People created 'virtual' relationships long before 'worlds' such as SL over the internet, with or without immersion
Well, I would say that if you are focused on a text chat enough to get romantically attached to someone, the text chat environment is immersive for you, and your online affair would be an AIR-based relationship. At least until you traded real IDs and/or met in person.
I'm still trying to get my head around that last paragraph tho, I'm sure it makes sense in some way - I just don't see it...
Well, at least forelle saw it. :) What I tried to convey in the last paragraph was that the person you are in a relationship with is a complex living being with vast potential for growth and change. So if your love requires that they don't externally express significant inner changes, then it is a love of an objectification of your lover's past state, not of who they are now. From my limited experience, it seems there is generally less slack for change in AIR-based relationships.

Well, I'm out of juice for now. If any of my ideas still seem cryptic, please let me know and I'll give it another go.

8 comments:

Forelle Broek said...

"From my limited experience, it seems there is generally less slack for change in AIR-based relationships."

That would be my starting hypothesis (or at least initial hunch) too. The AIR (I like that acronym, both because it is clever and because the spelled-out version is usefully descriptive) environment seems more conducive to objectification (my thinking in this regard is strongly influenced by feminist and other critical work on mass media and objectification).

So, another interesting question might be -- under what circumstances do people move past objectification in the AIR context, and how might virtual environments be developed to enhance those circumstances?

On the "immersion" issue (and BotGirl's nice quip about the hot avie whose typist looks like your grandpa -- *shudder*), I think there is some useful insight to be gained from Georg Simmel's explorations of reciprocal knowledge and secrets as constitutive elements of social relationships.

Anonymous said...

I love the new terminology of "AIR-based relationship". Like any piece of truly helpful jargon, it is catchy precisely because it is loaded with meaning, expressing complex chains of ideas in a single phrase. I believe that this will quickly enter into the SL collective consciousness and be brought to widespread use.

I do have a question about one of your observations. Referring to the the qualifiers for an AIR-based relationship, you state: "It seems to me that the combination of these three factors creates an especially unstable and volatile mix." While I don't necessarily disagree, I wonder if you are also suggesting that non-immersive relationships (those where RL is transparently shared) are somehow more stable and less fraught with peril? If indeed that is what you are saying, I don't think I can agree.

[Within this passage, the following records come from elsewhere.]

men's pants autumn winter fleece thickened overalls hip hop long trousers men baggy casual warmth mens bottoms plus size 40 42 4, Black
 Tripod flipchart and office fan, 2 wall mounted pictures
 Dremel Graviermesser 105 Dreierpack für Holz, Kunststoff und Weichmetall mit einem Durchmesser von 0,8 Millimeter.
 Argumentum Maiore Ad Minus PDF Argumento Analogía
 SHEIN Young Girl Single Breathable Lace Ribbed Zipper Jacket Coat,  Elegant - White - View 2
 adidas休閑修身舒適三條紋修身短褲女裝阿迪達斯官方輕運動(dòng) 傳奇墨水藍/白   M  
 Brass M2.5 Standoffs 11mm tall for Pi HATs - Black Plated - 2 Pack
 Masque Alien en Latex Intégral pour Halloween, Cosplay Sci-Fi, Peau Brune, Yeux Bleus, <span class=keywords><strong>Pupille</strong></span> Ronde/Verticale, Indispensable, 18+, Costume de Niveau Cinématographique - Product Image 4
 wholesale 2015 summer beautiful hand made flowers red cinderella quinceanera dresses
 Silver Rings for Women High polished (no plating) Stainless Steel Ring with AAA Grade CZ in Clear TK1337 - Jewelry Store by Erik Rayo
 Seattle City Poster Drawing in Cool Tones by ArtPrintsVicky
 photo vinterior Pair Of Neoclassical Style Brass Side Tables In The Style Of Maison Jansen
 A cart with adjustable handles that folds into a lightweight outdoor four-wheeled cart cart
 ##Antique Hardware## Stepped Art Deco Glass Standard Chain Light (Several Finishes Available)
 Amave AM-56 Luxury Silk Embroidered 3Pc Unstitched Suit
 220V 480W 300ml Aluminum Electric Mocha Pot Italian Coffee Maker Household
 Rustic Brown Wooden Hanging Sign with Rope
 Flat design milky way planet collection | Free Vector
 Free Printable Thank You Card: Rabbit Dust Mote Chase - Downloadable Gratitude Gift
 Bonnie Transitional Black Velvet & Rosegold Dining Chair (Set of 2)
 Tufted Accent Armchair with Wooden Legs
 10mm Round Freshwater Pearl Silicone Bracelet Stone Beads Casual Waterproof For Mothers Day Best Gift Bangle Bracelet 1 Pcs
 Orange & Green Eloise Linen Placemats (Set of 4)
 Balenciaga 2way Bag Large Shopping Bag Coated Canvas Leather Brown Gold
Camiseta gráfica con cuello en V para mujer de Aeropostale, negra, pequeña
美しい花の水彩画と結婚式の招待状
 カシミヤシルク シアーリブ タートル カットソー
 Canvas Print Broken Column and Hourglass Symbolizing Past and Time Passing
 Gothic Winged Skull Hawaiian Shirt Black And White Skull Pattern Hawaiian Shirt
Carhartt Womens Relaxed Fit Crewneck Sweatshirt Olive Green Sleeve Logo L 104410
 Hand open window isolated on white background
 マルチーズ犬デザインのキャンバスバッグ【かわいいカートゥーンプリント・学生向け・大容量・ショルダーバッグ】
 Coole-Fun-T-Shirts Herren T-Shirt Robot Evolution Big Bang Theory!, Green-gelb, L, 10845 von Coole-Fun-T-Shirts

Except in the comparatively rare occasions where two single, seeking people connect in RL through meeting in SL, it seems to me that crossing the RL line more frequently ends in disaster. I know so many people who have endangered their RL marriages and families because they let a SL relationship cross over. Now whether people in committed RL relationships should be seeking SL romance in the first place is beside the point. The point is that as long as things stay AIR-based, at least the inevitable damage is constrained to the virtual realm. Cross the line, and the carnage becomes real.

Digado said...

Okay, you clarified some points, but in principle I still don't see the real connection, in fact, I still don't think there is one as you try to make it out to be:

"AIR = Anonymous identity + Immersive environment + Romantic attraction"

VS

"Well, it seems to me that if you weren't immersed, you'd be more conscious of the fact that the hot babe you were flirting with could quite possibly be someone who looks like your grandfather in real life."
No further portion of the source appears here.